### [What you have to do]
Without any pictures, print the lines below from the one that has "can acupuncture help with diabetes" through the one that has "علائم بیماری مقاربتی HIV", exactly and nothing else.

━━ Task input

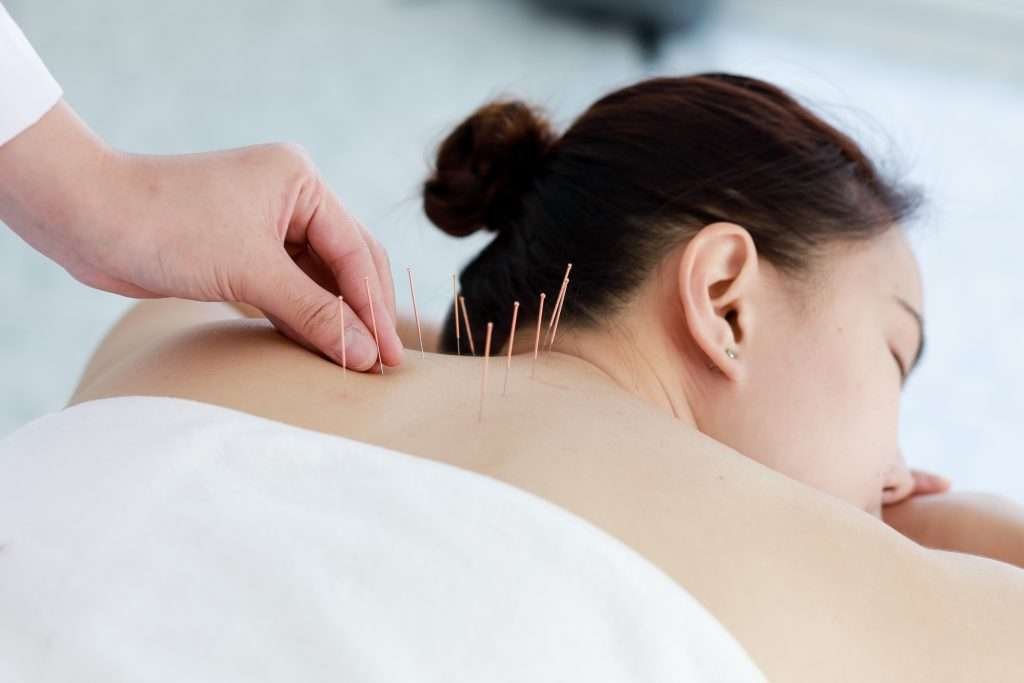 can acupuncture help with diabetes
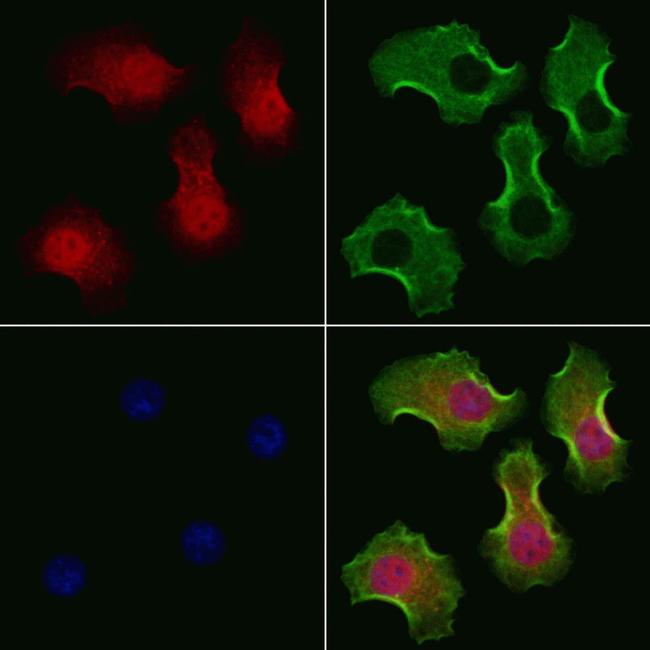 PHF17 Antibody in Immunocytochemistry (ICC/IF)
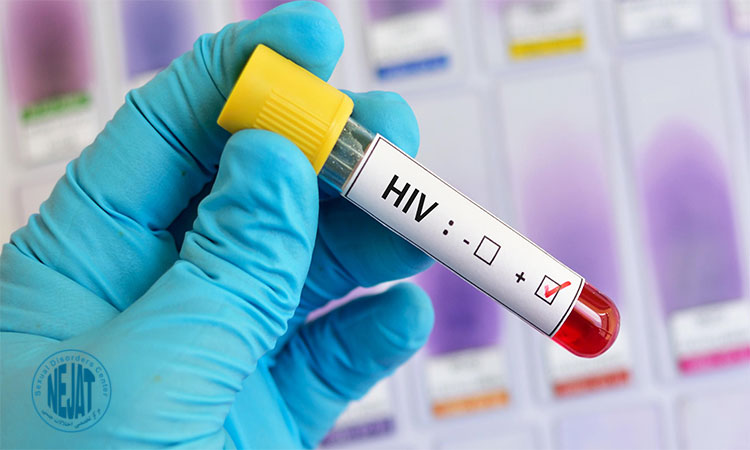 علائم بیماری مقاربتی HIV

━━━━
━━ Task input

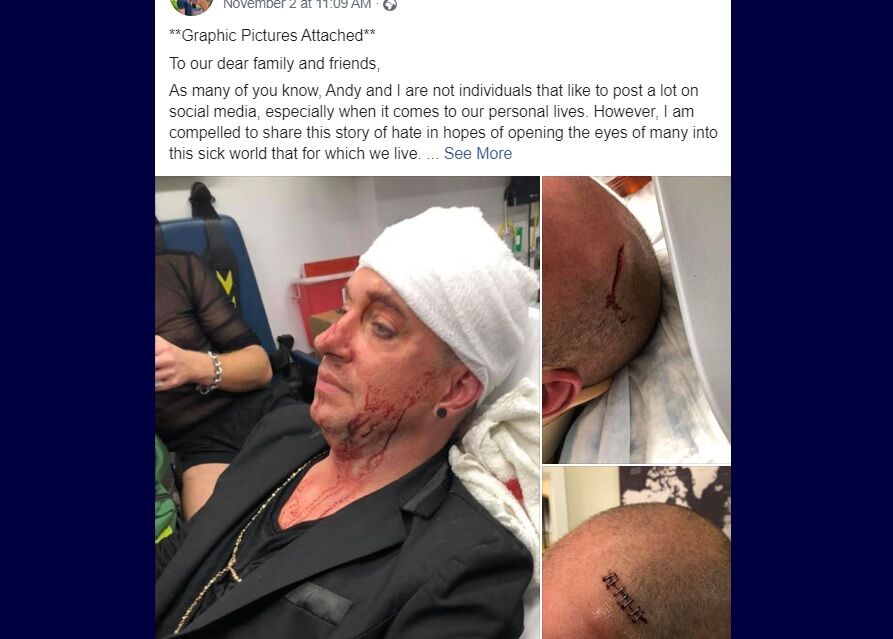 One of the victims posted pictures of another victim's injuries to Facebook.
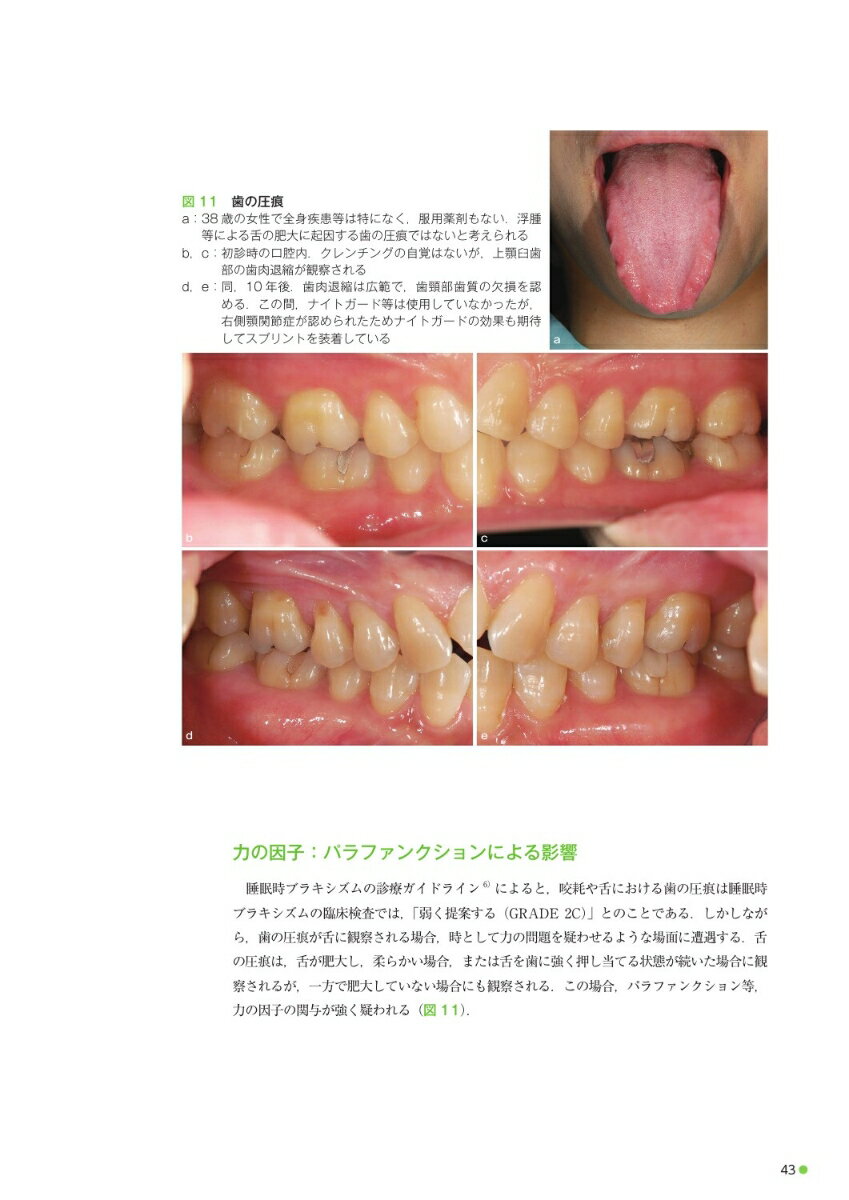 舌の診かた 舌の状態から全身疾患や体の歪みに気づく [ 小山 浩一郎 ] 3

━━━━

### [Result of this task]
 can acupuncture help with diabetes
 PHF17 Antibody in Immunocytochemistry (ICC/IF)
 علائم بیماری مقاربتی HIV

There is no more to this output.